◆ **Description of the task**
Begin at the first line of the records below and, please, give each line again exactly until the line with "Virtual TryOn For Warby Parker screenshot" is included.

══════════

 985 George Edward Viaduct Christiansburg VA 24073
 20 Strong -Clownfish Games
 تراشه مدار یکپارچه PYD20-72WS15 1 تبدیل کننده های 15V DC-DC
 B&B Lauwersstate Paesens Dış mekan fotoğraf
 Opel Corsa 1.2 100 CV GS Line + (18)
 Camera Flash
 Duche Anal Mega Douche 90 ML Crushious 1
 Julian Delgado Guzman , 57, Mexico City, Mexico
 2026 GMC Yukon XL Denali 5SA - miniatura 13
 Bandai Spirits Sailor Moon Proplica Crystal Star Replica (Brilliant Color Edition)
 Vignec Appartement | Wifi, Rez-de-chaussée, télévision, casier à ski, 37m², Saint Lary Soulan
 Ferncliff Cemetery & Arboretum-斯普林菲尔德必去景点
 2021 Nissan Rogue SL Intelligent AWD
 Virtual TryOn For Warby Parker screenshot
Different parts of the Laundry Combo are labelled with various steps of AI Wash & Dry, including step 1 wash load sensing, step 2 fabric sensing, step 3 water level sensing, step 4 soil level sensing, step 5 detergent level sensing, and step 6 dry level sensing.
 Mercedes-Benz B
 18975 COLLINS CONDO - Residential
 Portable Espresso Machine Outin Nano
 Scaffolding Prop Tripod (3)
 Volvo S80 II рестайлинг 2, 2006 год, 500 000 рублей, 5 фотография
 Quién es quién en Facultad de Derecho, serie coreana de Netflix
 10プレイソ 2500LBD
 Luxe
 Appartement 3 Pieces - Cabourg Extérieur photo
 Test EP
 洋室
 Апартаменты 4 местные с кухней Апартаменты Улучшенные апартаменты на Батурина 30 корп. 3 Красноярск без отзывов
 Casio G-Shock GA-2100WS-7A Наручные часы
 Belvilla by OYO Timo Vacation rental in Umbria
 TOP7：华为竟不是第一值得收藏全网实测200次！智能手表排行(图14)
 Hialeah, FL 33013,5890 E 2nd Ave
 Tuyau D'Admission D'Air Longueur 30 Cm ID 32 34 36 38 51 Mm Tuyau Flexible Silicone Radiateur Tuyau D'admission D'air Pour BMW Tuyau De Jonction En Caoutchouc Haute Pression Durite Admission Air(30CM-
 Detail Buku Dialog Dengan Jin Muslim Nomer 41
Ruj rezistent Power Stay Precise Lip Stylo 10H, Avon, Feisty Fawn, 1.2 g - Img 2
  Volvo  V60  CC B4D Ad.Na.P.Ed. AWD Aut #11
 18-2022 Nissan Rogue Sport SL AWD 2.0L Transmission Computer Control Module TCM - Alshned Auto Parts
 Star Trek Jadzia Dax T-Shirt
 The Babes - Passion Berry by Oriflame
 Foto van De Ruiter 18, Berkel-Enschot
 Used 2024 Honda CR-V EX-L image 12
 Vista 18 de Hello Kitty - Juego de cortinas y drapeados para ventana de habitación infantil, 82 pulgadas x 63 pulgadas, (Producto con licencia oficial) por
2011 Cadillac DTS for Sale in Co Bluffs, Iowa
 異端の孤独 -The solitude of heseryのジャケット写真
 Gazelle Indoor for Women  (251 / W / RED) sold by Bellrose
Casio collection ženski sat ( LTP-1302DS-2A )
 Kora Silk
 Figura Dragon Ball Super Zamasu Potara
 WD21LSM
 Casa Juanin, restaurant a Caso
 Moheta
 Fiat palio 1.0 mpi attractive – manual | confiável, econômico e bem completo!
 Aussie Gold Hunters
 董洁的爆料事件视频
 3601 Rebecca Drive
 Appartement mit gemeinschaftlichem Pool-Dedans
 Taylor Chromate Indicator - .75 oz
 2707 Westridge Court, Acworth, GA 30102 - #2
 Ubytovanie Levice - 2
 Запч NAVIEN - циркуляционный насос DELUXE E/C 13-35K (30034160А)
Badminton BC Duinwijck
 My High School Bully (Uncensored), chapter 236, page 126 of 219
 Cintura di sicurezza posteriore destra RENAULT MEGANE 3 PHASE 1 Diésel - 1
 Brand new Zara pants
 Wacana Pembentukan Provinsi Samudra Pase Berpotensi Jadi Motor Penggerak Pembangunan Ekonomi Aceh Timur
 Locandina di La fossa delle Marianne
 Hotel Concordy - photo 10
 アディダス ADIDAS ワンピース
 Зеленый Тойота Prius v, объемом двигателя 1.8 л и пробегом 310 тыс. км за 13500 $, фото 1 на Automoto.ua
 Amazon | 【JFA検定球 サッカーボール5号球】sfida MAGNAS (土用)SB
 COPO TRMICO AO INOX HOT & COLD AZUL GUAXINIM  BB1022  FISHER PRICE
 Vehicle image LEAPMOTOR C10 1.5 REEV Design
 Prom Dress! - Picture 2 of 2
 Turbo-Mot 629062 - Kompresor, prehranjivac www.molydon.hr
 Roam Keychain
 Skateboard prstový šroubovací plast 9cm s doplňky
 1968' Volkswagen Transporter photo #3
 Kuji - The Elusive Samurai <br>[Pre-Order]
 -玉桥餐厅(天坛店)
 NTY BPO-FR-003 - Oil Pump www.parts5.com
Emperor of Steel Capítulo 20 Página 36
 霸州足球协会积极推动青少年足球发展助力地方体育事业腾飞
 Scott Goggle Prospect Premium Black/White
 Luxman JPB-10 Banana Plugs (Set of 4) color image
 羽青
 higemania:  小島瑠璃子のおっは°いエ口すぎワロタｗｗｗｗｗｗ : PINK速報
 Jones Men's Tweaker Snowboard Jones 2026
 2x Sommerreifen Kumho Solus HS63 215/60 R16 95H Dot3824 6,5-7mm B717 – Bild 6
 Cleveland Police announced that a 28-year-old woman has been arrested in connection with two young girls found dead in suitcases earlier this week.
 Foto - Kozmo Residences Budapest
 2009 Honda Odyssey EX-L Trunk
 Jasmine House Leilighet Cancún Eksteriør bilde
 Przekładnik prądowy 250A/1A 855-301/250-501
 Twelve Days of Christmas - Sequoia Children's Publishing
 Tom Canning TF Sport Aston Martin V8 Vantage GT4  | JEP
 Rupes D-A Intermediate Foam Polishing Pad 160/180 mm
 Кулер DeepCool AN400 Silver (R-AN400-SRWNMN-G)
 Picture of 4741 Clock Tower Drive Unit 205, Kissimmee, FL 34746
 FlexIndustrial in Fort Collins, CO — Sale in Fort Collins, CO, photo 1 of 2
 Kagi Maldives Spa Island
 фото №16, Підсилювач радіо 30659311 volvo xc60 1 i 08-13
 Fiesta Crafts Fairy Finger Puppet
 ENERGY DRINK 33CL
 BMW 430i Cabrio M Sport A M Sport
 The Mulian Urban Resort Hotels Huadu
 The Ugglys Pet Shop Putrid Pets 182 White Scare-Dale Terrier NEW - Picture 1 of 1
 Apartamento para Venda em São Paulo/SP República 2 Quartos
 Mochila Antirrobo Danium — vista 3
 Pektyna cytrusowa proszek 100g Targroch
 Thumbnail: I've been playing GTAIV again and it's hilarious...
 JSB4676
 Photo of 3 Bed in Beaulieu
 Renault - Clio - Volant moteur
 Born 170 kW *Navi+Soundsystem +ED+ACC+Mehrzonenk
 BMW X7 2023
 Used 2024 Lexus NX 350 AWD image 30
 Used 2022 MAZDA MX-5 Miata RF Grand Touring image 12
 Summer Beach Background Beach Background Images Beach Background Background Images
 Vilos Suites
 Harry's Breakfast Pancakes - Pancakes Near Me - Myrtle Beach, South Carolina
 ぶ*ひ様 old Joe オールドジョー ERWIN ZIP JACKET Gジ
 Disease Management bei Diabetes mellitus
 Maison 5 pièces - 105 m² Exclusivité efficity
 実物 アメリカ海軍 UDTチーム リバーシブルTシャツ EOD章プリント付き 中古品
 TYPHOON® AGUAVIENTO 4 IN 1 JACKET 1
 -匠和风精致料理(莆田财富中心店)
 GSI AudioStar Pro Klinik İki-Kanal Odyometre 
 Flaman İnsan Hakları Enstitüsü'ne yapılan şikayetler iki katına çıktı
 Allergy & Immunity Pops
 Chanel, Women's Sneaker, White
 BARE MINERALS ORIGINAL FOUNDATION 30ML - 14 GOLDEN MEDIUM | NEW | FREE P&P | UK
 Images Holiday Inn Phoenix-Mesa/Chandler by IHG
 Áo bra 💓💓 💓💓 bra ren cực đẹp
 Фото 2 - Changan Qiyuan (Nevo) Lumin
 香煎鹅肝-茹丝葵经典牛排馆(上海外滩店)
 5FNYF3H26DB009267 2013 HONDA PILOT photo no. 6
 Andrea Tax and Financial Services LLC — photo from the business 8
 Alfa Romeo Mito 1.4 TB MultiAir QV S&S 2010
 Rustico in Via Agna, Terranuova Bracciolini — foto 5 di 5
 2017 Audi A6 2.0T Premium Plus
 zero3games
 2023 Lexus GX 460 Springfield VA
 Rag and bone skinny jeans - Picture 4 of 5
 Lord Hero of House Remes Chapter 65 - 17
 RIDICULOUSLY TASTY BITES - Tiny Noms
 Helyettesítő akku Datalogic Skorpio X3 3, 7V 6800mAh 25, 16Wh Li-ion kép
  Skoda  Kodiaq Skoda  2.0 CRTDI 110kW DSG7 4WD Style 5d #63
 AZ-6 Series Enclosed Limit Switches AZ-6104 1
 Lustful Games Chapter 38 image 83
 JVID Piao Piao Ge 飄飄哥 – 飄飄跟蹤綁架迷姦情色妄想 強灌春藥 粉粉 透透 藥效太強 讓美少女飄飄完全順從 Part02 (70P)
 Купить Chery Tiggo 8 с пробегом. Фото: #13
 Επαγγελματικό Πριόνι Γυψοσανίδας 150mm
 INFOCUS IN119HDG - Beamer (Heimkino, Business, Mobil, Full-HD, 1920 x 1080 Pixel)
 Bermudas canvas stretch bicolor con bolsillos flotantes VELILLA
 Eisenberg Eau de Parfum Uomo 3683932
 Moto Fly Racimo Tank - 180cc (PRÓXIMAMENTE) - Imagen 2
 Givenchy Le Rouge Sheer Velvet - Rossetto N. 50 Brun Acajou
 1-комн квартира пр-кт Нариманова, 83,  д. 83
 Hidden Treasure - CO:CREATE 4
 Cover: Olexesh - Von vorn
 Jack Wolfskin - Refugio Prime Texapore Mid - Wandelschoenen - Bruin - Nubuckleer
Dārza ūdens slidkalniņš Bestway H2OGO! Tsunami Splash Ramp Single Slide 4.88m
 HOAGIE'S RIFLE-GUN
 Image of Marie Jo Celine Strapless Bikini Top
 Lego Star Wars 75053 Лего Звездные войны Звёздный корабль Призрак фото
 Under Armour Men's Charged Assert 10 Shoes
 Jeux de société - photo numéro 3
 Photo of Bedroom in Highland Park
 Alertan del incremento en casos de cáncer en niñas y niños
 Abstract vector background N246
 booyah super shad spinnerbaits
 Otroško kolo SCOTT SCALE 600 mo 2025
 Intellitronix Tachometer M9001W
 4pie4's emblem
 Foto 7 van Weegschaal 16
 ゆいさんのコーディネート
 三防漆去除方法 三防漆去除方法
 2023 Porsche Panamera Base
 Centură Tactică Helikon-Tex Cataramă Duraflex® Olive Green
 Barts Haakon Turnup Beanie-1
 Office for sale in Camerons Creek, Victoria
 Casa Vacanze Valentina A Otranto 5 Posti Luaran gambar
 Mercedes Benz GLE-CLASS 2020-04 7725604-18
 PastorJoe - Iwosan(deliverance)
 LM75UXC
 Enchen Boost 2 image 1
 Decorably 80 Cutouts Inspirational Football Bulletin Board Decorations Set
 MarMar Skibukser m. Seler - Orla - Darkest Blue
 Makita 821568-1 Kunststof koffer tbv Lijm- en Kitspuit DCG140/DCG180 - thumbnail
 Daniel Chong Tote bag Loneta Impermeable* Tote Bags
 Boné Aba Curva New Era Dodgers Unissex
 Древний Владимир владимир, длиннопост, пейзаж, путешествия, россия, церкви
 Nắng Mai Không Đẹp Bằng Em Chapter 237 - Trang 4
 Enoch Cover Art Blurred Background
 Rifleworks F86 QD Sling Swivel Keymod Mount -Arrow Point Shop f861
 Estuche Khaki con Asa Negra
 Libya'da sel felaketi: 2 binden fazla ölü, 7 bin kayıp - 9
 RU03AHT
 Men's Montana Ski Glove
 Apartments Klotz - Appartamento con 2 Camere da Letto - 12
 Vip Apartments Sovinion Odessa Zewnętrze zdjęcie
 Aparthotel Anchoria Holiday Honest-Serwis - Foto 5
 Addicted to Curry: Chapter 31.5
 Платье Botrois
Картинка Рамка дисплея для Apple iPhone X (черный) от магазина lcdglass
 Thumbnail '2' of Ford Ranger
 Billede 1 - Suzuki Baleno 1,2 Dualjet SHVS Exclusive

══════════

◆ **Final answer**
 985 George Edward Viaduct Christiansburg VA 24073
 20 Strong -Clownfish Games
 تراشه مدار یکپارچه PYD20-72WS15 1 تبدیل کننده های 15V DC-DC
 B&B Lauwersstate Paesens Dış mekan fotoğraf
 Opel Corsa 1.2 100 CV GS Line + (18)
 Camera Flash
 Duche Anal Mega Douche 90 ML Crushious 1
 Julian Delgado Guzman , 57, Mexico City, Mexico
 2026 GMC Yukon XL Denali 5SA - miniatura 13
 Bandai Spirits Sailor Moon Proplica Crystal Star Replica (Brilliant Color Edition)
 Vignec Appartement | Wifi, Rez-de-chaussée, télévision, casier à ski, 37m², Saint Lary Soulan
 Ferncliff Cemetery & Arboretum-斯普林菲尔德必去景点
 2021 Nissan Rogue SL Intelligent AWD
 Virtual TryOn For Warby Parker screenshot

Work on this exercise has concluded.